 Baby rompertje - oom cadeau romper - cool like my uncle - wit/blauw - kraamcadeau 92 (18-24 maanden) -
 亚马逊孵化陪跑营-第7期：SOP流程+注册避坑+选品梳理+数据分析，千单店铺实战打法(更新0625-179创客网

* * *

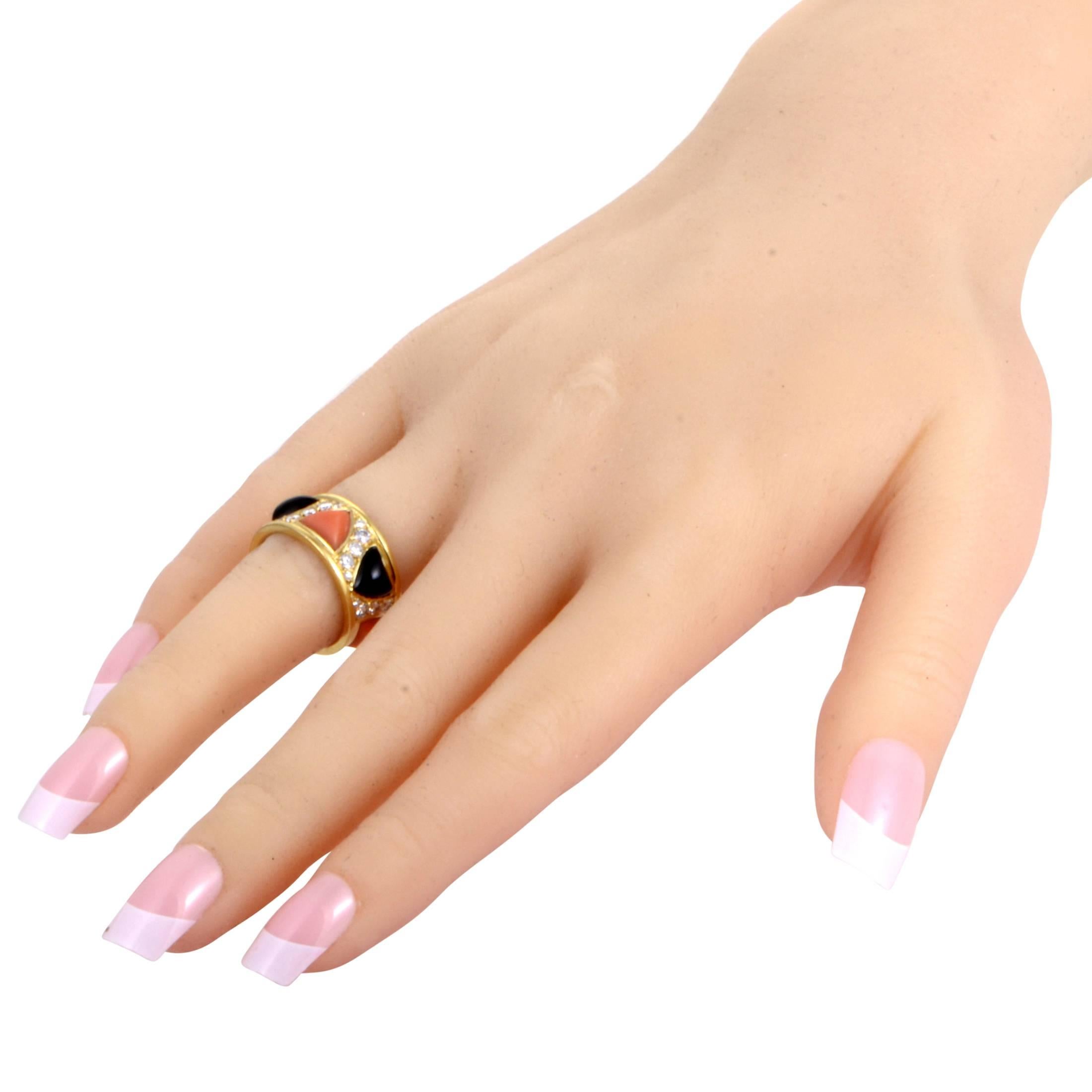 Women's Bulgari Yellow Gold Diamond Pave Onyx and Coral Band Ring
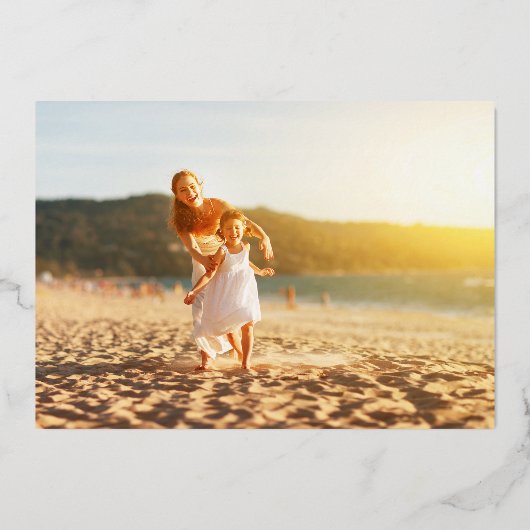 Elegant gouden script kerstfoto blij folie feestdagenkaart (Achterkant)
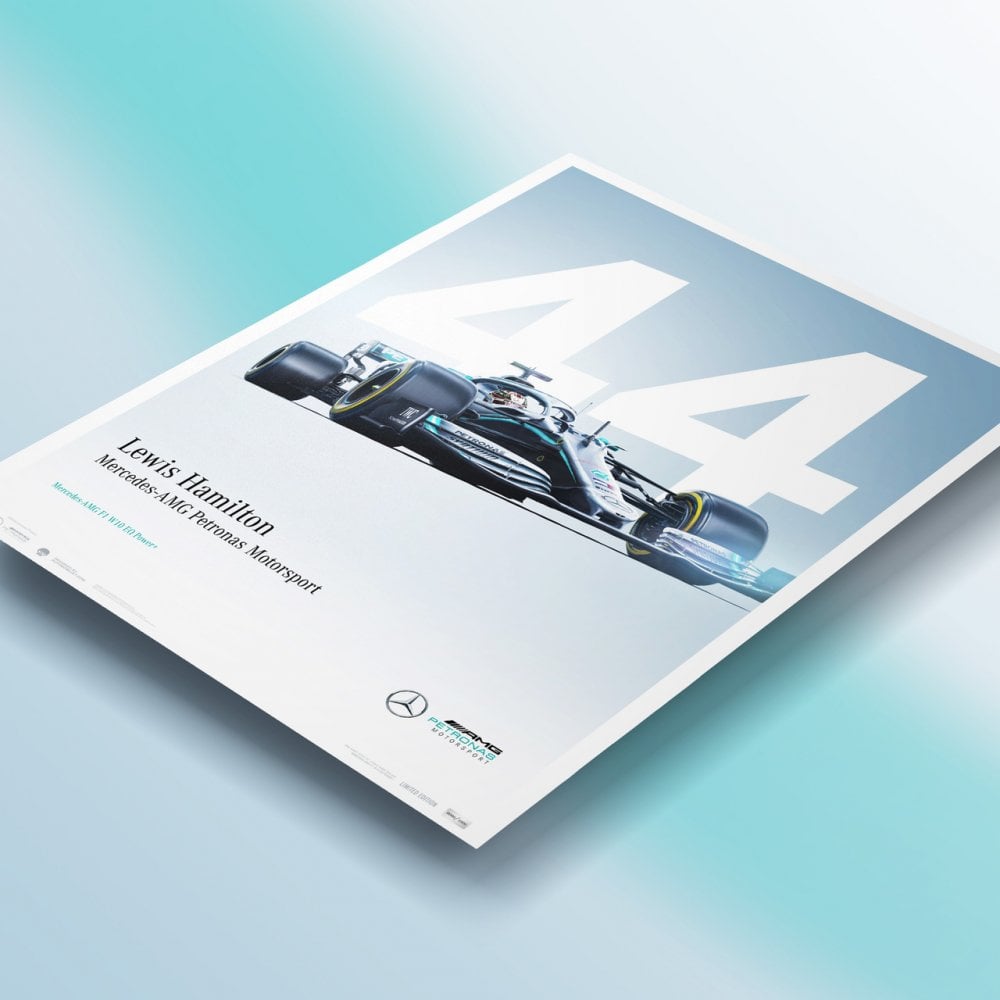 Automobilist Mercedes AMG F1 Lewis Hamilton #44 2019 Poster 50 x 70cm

**WHAT IS NEEDED:** Please give back exactly the lines of this listing beginning at the line with "Baby rompertje - oom" and ending with the line with "亚马逊孵化陪跑营-第7期：S", both included, and nothing else.

**EXPECTED ANSWER:**
 Baby rompertje - oom cadeau romper - cool like my uncle - wit/blauw - kraamcadeau 92 (18-24 maanden) -
 亚马逊孵化陪跑营-第7期：SOP流程+注册避坑+选品梳理+数据分析，千单店铺实战打法(更新0625-179创客网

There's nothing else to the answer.